* _Information provided_:
►

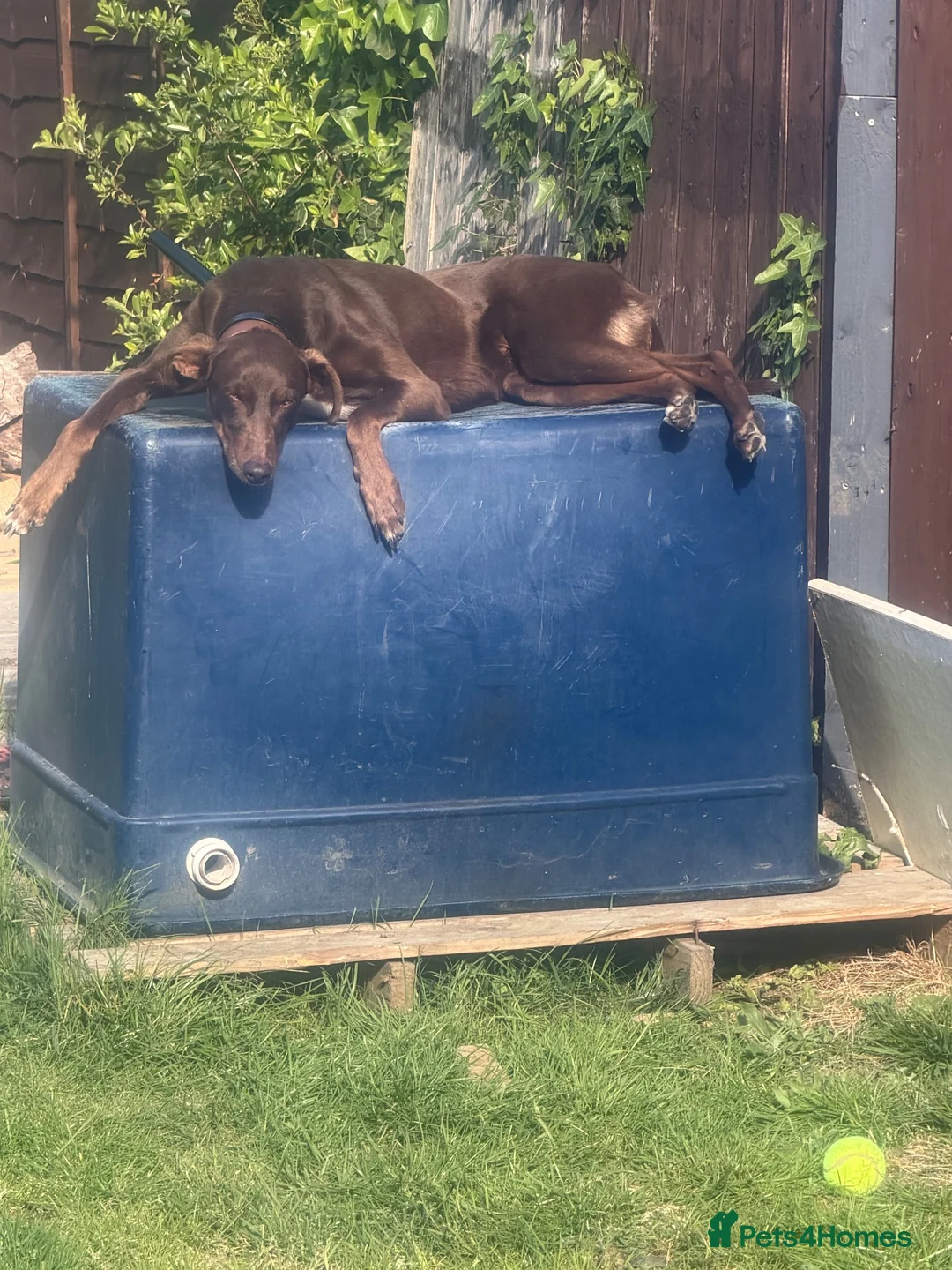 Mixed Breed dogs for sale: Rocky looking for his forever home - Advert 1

◄
►

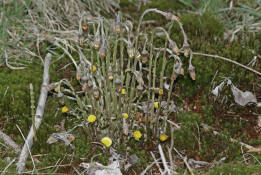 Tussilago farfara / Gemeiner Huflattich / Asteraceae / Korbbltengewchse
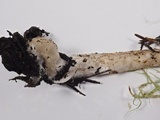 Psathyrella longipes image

◄

Every line above between the one containing "Tussilago farfara /" and the one containing "Psathyrella longipes image", those two included, is to be printed exactly. No pictures go into the copy.

 Tussilago farfara / Gemeiner Huflattich / Asteraceae / Korbbltengewchse
 Psathyrella longipes image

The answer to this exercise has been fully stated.